Festnahmen bei Palästina-Protest Besetzer lehnen Frist der Humboldt-Uni ab
23.05.2024, 16:37 Uhr Artikel anhören
Die Aktivisten werfen Israel einen "Völkermord" vor.
(Foto: picture alliance/dpa)
Bis zum Abend duldet die Berliner Humboldt-Universität die Besetzung ihrer Räume durch propalästinensische Aktivisten. Die machen bereits deutlich, nicht nachgeben zu wollen. Kritik am Verhalten des Präsidiums kommt von der CDU, Verständnis dagegen von der SPD.

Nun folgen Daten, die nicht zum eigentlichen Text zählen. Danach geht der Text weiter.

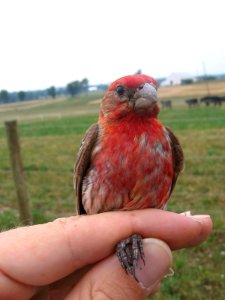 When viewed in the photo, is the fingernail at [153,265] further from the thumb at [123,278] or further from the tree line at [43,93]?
the tree line at [43,93]

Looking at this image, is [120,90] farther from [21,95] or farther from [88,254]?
[21,95]

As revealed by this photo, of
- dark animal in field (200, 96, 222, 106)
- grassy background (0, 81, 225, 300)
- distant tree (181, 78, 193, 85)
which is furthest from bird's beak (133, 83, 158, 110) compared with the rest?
distant tree (181, 78, 193, 85)

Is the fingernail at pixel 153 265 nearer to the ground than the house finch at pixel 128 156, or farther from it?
nearer to the ground

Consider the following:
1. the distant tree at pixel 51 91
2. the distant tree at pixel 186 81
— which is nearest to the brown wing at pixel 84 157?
the distant tree at pixel 51 91

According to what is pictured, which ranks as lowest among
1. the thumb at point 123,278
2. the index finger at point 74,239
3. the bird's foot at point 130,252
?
the thumb at point 123,278

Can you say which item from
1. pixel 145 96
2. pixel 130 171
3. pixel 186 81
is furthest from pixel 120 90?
pixel 186 81

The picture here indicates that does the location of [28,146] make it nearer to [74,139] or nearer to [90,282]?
[74,139]

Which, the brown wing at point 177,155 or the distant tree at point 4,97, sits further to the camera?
the distant tree at point 4,97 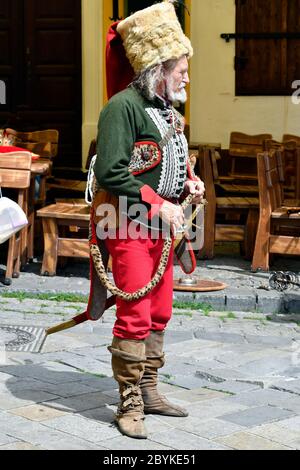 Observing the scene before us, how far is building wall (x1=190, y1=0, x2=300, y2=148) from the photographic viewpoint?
39.0 ft

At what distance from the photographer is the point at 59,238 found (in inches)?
366

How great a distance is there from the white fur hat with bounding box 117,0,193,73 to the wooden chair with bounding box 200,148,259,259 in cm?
467

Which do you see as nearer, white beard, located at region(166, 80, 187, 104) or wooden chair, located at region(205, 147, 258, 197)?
white beard, located at region(166, 80, 187, 104)

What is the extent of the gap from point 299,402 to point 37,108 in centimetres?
748

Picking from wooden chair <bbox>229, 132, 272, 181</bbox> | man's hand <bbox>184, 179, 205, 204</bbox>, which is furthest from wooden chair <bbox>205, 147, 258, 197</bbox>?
man's hand <bbox>184, 179, 205, 204</bbox>

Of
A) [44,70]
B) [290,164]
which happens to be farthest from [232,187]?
[44,70]

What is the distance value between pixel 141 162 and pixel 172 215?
0.30 metres

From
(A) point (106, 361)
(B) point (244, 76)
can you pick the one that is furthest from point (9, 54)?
(A) point (106, 361)

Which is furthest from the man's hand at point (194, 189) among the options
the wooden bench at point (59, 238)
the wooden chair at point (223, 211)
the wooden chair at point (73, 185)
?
the wooden chair at point (73, 185)

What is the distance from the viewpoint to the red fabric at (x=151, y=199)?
516 centimetres

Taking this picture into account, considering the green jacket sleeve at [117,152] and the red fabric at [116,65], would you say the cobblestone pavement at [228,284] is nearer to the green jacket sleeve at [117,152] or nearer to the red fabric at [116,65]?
the red fabric at [116,65] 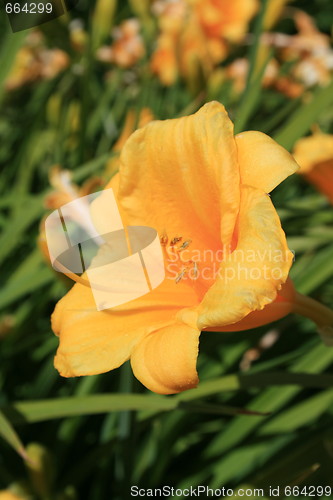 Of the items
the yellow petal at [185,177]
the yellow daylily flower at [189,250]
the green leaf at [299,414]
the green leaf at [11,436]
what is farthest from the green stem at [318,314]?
the green leaf at [11,436]

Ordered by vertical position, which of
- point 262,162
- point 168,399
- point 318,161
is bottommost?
point 168,399

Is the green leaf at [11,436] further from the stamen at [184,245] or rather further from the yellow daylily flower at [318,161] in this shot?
the yellow daylily flower at [318,161]

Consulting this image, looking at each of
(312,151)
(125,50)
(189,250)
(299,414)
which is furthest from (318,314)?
(125,50)

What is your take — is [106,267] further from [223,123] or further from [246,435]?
[246,435]

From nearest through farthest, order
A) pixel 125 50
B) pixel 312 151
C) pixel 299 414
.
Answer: pixel 299 414, pixel 312 151, pixel 125 50

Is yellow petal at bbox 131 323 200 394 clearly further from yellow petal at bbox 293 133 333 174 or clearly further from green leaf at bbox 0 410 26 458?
yellow petal at bbox 293 133 333 174

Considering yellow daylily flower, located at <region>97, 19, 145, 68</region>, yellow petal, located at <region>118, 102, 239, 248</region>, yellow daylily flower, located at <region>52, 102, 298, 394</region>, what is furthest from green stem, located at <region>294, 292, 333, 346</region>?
yellow daylily flower, located at <region>97, 19, 145, 68</region>

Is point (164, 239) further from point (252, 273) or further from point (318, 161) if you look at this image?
point (318, 161) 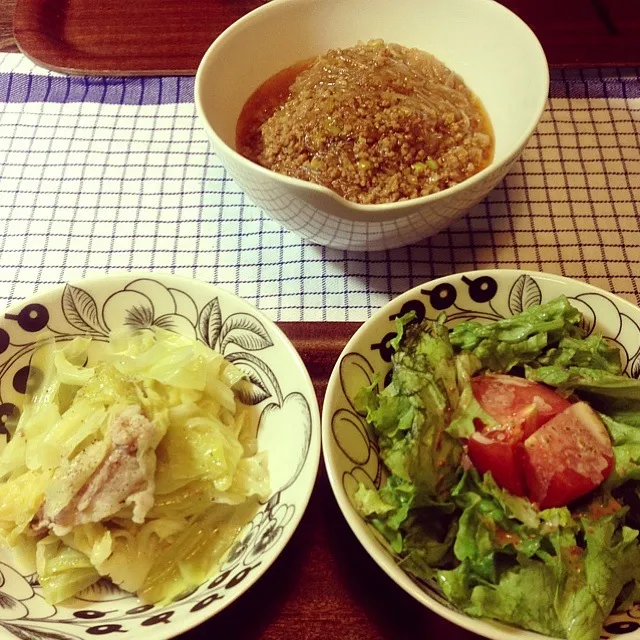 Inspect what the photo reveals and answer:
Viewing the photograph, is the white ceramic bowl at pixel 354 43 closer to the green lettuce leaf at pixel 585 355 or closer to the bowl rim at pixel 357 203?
the bowl rim at pixel 357 203

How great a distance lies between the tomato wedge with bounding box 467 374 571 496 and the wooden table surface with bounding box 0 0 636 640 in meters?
0.34

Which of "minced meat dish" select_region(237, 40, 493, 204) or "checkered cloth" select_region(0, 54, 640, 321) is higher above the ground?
"minced meat dish" select_region(237, 40, 493, 204)

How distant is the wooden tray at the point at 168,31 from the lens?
8.17ft

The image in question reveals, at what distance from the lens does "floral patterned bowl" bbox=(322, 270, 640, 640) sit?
4.02 ft

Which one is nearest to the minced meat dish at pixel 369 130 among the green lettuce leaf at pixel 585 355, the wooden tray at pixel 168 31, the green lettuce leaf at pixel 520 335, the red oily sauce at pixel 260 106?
the red oily sauce at pixel 260 106

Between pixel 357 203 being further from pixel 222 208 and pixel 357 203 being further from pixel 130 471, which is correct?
pixel 130 471

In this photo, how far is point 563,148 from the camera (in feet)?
7.59

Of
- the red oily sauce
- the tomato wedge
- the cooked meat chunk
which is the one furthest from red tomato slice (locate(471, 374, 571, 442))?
the red oily sauce

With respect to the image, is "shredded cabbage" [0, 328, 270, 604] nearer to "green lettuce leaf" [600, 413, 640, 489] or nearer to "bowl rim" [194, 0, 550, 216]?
"bowl rim" [194, 0, 550, 216]

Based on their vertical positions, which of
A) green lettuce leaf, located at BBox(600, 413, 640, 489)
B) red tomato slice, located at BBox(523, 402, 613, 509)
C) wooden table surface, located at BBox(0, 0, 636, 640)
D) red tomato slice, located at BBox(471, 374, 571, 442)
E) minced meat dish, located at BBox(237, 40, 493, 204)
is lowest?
wooden table surface, located at BBox(0, 0, 636, 640)

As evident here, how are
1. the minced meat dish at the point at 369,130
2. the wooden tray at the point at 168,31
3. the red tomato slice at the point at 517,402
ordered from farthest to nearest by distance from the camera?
the wooden tray at the point at 168,31, the minced meat dish at the point at 369,130, the red tomato slice at the point at 517,402

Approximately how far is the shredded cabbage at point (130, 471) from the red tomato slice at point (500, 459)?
1.64ft

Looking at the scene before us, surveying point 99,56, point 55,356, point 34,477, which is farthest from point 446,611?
point 99,56

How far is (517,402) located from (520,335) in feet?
0.63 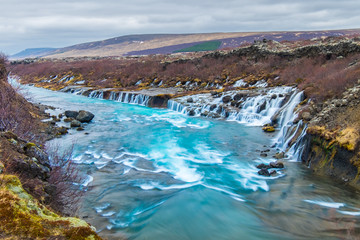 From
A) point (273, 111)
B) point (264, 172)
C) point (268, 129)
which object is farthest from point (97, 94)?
point (264, 172)

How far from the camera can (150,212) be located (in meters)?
8.43

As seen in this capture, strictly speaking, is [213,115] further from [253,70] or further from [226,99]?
[253,70]

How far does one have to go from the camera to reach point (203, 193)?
9.83 meters

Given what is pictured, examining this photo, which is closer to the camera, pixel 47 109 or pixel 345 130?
pixel 345 130

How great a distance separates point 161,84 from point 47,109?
17.1 m

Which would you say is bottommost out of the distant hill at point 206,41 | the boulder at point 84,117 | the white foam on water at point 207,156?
the white foam on water at point 207,156

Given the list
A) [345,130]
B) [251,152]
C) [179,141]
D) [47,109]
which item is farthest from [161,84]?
[345,130]

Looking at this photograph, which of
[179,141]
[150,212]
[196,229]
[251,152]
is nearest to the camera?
[196,229]

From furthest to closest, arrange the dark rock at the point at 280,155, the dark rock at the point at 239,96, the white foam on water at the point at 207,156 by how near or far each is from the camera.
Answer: the dark rock at the point at 239,96
the white foam on water at the point at 207,156
the dark rock at the point at 280,155

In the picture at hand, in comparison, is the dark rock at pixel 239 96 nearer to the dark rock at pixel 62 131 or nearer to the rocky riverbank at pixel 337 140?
the rocky riverbank at pixel 337 140

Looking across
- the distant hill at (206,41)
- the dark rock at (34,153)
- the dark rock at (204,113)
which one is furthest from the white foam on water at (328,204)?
the distant hill at (206,41)

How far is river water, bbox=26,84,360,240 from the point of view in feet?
24.9

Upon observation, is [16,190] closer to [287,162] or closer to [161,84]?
[287,162]

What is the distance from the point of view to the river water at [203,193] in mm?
7602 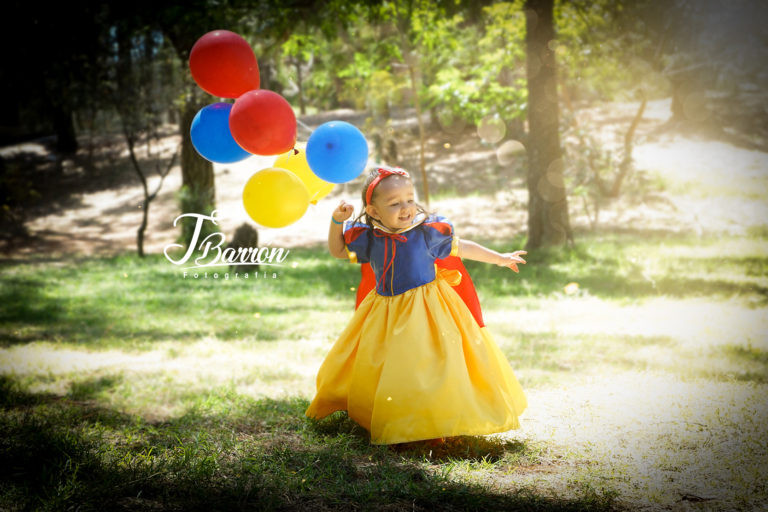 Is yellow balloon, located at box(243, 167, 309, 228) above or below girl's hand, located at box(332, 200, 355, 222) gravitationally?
above

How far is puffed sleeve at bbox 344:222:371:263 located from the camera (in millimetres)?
3326

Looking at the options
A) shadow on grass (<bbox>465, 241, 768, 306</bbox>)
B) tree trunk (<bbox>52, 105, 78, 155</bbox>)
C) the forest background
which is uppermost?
tree trunk (<bbox>52, 105, 78, 155</bbox>)

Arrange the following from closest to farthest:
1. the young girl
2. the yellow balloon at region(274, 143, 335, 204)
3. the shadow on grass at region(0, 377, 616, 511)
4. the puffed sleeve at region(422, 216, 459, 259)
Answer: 1. the shadow on grass at region(0, 377, 616, 511)
2. the young girl
3. the puffed sleeve at region(422, 216, 459, 259)
4. the yellow balloon at region(274, 143, 335, 204)

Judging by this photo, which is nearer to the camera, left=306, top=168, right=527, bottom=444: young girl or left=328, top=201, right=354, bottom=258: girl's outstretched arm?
left=306, top=168, right=527, bottom=444: young girl

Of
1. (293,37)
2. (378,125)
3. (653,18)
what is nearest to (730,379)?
(293,37)

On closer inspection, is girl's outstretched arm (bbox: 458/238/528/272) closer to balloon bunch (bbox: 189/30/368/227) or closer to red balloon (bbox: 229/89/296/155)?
balloon bunch (bbox: 189/30/368/227)

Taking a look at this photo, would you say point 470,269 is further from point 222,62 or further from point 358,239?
point 222,62

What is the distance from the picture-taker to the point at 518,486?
275 centimetres

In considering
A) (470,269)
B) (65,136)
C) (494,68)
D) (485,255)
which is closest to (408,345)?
(485,255)

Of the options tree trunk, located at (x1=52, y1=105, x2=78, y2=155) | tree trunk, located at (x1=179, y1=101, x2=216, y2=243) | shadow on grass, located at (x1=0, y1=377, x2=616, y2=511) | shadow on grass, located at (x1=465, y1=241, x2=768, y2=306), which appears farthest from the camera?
tree trunk, located at (x1=52, y1=105, x2=78, y2=155)

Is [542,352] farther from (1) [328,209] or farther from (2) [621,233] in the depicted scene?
(1) [328,209]

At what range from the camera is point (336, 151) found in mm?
3242

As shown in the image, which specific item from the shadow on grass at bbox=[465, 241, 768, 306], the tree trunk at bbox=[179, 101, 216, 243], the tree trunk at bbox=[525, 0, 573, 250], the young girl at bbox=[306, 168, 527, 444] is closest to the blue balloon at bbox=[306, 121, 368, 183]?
the young girl at bbox=[306, 168, 527, 444]

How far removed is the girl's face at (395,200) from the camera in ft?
10.4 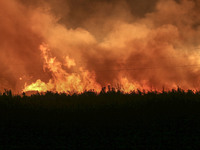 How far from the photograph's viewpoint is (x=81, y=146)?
11.8 m

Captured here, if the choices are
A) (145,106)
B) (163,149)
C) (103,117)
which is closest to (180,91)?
(145,106)

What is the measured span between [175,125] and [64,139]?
5873mm

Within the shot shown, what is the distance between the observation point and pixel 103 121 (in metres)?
14.4

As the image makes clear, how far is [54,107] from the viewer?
16531 millimetres

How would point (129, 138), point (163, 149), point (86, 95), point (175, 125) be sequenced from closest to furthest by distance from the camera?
point (163, 149) < point (129, 138) < point (175, 125) < point (86, 95)

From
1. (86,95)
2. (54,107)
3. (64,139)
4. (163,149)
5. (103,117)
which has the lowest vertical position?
(163,149)

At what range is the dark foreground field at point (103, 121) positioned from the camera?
12094 millimetres

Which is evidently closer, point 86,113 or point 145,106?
point 86,113

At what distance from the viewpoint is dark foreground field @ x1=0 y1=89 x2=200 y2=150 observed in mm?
12094

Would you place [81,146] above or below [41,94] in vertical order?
below

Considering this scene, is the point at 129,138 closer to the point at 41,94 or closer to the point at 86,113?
the point at 86,113

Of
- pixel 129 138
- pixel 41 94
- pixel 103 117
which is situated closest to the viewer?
pixel 129 138

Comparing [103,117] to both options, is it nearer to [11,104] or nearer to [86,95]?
[86,95]

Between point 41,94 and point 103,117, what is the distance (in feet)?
25.8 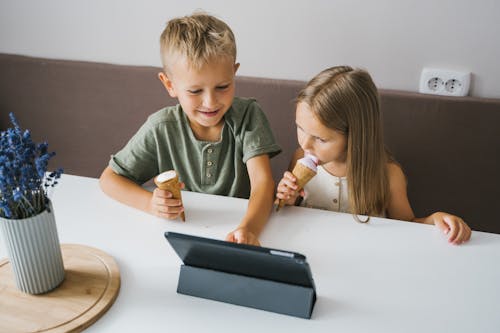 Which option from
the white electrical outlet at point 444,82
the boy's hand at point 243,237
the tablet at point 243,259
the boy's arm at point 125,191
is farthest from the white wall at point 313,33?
the tablet at point 243,259

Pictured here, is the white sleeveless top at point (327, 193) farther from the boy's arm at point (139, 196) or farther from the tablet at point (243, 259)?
the tablet at point (243, 259)

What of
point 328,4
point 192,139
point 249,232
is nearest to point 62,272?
point 249,232

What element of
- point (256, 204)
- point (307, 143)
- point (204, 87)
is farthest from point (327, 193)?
point (204, 87)

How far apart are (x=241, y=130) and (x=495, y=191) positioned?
978mm

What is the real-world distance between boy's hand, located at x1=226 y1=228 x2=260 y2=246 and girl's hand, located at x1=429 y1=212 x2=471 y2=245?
432 millimetres

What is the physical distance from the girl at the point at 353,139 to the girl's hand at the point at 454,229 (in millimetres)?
123

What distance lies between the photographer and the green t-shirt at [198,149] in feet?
4.56

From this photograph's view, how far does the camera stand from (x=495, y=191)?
1.71 m

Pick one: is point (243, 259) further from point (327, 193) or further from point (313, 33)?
point (313, 33)

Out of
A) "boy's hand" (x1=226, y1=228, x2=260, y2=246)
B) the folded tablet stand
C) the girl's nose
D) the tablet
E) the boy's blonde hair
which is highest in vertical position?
the boy's blonde hair

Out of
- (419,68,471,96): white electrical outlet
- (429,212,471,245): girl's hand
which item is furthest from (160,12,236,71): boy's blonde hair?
(419,68,471,96): white electrical outlet

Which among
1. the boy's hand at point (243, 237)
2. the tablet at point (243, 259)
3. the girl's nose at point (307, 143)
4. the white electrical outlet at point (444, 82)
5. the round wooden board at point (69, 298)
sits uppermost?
the white electrical outlet at point (444, 82)

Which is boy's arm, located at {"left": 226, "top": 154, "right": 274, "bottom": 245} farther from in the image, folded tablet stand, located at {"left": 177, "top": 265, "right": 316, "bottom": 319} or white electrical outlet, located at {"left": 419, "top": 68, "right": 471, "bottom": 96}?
white electrical outlet, located at {"left": 419, "top": 68, "right": 471, "bottom": 96}

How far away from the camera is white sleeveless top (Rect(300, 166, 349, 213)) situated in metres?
1.48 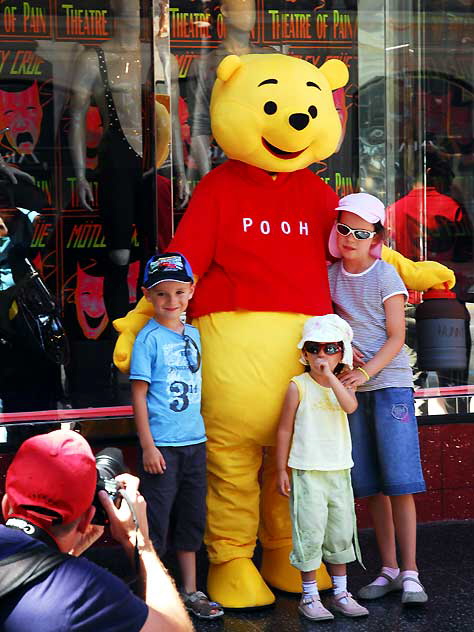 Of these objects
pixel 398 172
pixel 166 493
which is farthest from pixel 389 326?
pixel 398 172

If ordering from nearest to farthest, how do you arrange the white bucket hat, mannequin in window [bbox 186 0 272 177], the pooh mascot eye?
the white bucket hat → the pooh mascot eye → mannequin in window [bbox 186 0 272 177]

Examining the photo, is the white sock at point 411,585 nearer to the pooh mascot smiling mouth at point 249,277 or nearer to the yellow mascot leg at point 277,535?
the yellow mascot leg at point 277,535

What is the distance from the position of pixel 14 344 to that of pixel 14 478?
333 centimetres

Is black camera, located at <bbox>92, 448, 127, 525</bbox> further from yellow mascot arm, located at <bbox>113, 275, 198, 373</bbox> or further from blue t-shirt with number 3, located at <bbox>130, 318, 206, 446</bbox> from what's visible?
yellow mascot arm, located at <bbox>113, 275, 198, 373</bbox>

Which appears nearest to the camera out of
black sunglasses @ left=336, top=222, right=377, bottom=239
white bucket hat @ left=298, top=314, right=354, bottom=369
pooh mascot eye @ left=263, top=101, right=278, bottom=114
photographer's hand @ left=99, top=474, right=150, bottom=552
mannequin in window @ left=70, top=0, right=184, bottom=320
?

Propalästinensische Aktivisten wollen Räume der Berliner Humboldt-Universität laut einer Vertreterin so lange besetzen, bis ihre Forderungen erfüllt sind. Am Nachmittag, während einer geplanten Diskussionsveranstaltung, wolle man mit der Hochschulleitung über eine Verlängerung der Besetzung verhandeln, erklärte die Sprecherin. Aktivisten haben am Mittwoch aus Protest gegen Israel und zur Unterstützung der Palästinenser Räume des Sozialwissenschaftlichen Instituts der Hochschule besetzt. Außerdem waren nach Polizeiangaben etwa 320 Personen zu einer unangemeldeten Kundgebung zusammengekommen.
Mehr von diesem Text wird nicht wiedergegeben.